Bunchberries (Cornus canadensis) are an easy to identify wild edible berry with a number of uses (beyond fresh eating). Their sweet flavor, combined with a high pectin content makes them the perfect addition to homemade jams.
Bunch berries were one of the first edible wild fruits I learned to identify, after the common everyday ones like raspberries and blackberries. I was out walking with a friend, and he spotted a colony of low-growing creeping dogwood (as the parent plants are sometimes known), and actually started dancing with excitement.
He was that kinda guy, and though he didn’t know that many wild edibles, the ones he did know brought him immeasurable joy, and he couldn’t help but share this one with me. I didn’t consider myself a forager (yet), and eating a random berry from the forest floor on his say-so seemed a little suspect.
I watched him run from bunch to bunch, harvesting them by the handful and munching them with glee. He was just so darned enthusiastic about these little fruits, I couldn’t help but join him.
On first taste, they’re mild and unassuming, a bit gelatinous, and quite sweet. They don’t honestly taste like a whole lot, except mild sweetness with a thick, creamy texture…like a pudding you forgot to flavor.

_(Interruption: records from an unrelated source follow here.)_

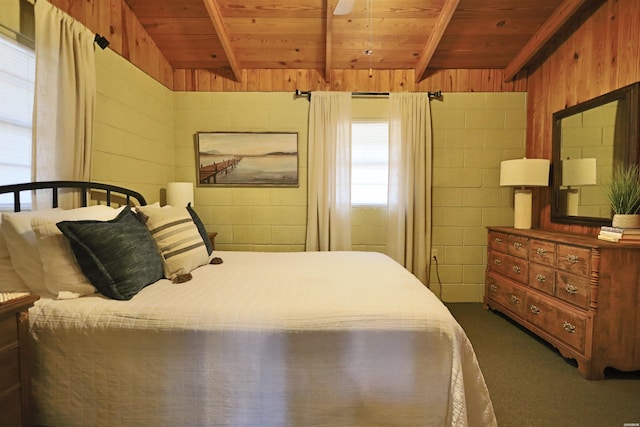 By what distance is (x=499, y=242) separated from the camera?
2.88 metres

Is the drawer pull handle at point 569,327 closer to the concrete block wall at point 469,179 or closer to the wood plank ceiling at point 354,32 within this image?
the concrete block wall at point 469,179

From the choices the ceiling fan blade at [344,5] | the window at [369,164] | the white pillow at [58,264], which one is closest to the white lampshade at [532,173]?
the window at [369,164]

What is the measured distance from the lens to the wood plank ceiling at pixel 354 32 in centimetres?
258

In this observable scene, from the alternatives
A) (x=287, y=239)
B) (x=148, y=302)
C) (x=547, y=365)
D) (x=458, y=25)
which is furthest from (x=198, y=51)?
(x=547, y=365)

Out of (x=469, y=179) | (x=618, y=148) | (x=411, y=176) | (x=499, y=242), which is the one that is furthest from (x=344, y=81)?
(x=618, y=148)

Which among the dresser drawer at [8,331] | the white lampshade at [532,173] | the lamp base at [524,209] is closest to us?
the dresser drawer at [8,331]

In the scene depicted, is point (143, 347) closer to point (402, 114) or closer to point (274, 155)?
point (274, 155)

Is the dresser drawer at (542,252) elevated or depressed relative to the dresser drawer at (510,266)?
elevated

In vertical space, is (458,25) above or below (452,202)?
above

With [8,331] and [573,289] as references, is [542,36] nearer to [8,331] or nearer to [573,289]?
[573,289]

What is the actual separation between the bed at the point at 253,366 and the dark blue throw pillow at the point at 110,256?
0.12 meters

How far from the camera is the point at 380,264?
1.98 m

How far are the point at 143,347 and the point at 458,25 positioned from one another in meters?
3.39

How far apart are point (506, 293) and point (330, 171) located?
205 centimetres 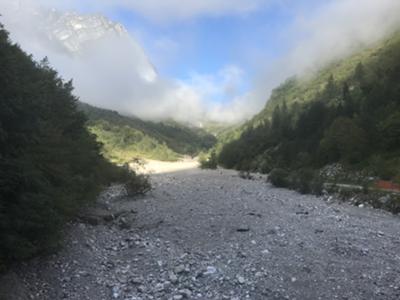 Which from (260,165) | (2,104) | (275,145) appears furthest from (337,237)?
(275,145)

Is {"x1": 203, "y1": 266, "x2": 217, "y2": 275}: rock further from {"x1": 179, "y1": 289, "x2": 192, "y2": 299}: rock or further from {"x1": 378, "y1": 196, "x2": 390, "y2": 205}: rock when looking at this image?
{"x1": 378, "y1": 196, "x2": 390, "y2": 205}: rock

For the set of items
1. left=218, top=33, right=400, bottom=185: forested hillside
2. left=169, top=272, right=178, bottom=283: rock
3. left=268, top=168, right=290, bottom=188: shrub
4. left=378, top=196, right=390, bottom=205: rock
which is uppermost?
left=218, top=33, right=400, bottom=185: forested hillside

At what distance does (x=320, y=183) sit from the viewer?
56.6 m

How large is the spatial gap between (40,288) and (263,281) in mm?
8267

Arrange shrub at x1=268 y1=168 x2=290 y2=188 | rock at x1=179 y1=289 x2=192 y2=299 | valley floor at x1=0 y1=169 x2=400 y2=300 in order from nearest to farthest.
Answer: rock at x1=179 y1=289 x2=192 y2=299
valley floor at x1=0 y1=169 x2=400 y2=300
shrub at x1=268 y1=168 x2=290 y2=188

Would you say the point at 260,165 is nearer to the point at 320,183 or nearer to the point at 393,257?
the point at 320,183

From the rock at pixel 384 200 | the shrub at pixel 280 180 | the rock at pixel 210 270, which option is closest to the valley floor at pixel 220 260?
the rock at pixel 210 270

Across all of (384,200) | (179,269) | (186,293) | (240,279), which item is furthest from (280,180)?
(186,293)

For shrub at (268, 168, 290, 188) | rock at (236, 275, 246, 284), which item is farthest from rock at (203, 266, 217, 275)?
shrub at (268, 168, 290, 188)

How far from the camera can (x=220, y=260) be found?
2152 centimetres

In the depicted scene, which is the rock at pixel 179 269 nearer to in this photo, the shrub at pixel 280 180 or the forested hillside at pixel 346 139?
→ the forested hillside at pixel 346 139

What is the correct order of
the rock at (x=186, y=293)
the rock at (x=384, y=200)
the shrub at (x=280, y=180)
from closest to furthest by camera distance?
the rock at (x=186, y=293)
the rock at (x=384, y=200)
the shrub at (x=280, y=180)

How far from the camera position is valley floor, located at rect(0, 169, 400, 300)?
17.8 meters

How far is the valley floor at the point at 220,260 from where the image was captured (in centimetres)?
→ 1778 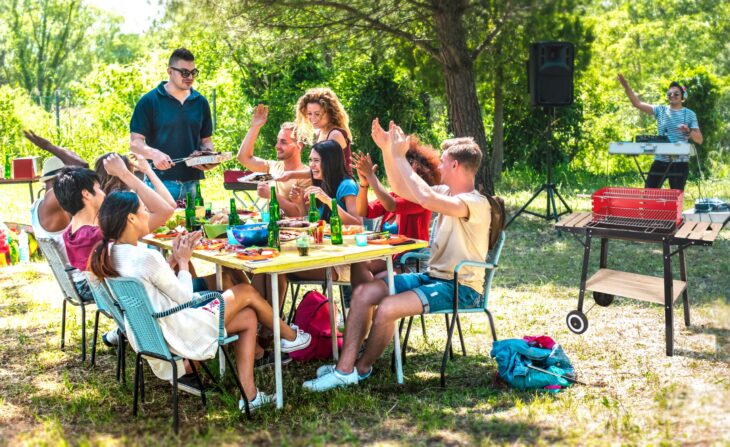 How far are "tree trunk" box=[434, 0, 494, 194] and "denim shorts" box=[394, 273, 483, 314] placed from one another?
16.0ft

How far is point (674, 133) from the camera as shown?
806 cm

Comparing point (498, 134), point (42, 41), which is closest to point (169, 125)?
point (498, 134)

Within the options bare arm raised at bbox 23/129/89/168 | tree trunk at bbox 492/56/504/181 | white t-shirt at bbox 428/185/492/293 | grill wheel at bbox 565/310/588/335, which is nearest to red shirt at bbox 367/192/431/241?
white t-shirt at bbox 428/185/492/293

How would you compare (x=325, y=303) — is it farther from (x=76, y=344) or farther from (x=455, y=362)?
(x=76, y=344)

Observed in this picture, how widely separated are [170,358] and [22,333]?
7.14 ft

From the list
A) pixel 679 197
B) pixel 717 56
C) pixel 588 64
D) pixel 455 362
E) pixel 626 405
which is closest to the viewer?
pixel 626 405

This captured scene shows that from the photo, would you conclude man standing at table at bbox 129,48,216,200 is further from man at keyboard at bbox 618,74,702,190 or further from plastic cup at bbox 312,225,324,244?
man at keyboard at bbox 618,74,702,190

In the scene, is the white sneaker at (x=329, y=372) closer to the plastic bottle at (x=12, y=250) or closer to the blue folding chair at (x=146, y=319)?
the blue folding chair at (x=146, y=319)

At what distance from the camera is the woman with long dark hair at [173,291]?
124 inches

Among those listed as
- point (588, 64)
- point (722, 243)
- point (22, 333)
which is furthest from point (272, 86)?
point (22, 333)

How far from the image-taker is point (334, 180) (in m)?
4.36

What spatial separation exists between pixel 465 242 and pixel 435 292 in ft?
0.89

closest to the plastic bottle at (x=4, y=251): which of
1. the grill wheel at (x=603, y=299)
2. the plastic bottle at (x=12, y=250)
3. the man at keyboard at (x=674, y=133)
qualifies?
the plastic bottle at (x=12, y=250)

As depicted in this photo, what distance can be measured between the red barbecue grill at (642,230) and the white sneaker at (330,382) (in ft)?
5.03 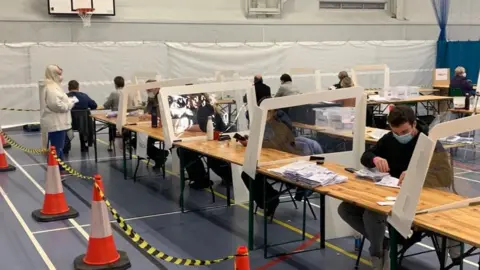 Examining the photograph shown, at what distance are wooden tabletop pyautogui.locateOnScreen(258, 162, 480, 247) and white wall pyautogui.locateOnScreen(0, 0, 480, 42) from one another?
11.1 metres

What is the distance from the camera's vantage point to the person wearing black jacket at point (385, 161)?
404 centimetres

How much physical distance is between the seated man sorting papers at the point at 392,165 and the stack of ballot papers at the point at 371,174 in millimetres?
40

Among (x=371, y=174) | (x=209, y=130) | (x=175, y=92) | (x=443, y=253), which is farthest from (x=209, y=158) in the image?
(x=443, y=253)

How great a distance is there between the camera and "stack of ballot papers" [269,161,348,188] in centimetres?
427

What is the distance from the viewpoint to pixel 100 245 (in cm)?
460

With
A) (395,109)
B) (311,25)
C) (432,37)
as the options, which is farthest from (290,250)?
(432,37)

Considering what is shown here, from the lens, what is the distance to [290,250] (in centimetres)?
515

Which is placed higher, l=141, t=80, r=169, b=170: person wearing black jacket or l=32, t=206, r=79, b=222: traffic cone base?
l=141, t=80, r=169, b=170: person wearing black jacket

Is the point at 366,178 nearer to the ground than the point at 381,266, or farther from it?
farther from it

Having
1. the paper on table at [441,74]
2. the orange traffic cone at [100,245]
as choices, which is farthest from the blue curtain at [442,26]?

These days, I do forage regularly, but I tend to go after intensely flavored fruits.
I love astringent chokecherries and chokeberries, tart wild gooseberries and rose hips, and even tannic wild black currants. They’re a bit like a kick in the mouth, but they remind your you’re alive (and that nature has a lot more character than mild grocery store fruits).
The thing is, now that I’m foraging with my kids, I know that those “kick in the mouth” type berries don’t tend to please everyone. Just the opposite, in fact.
Sometimes you just want mild sweetness, harvested en masse at an accessible-height just a few inches off the ground.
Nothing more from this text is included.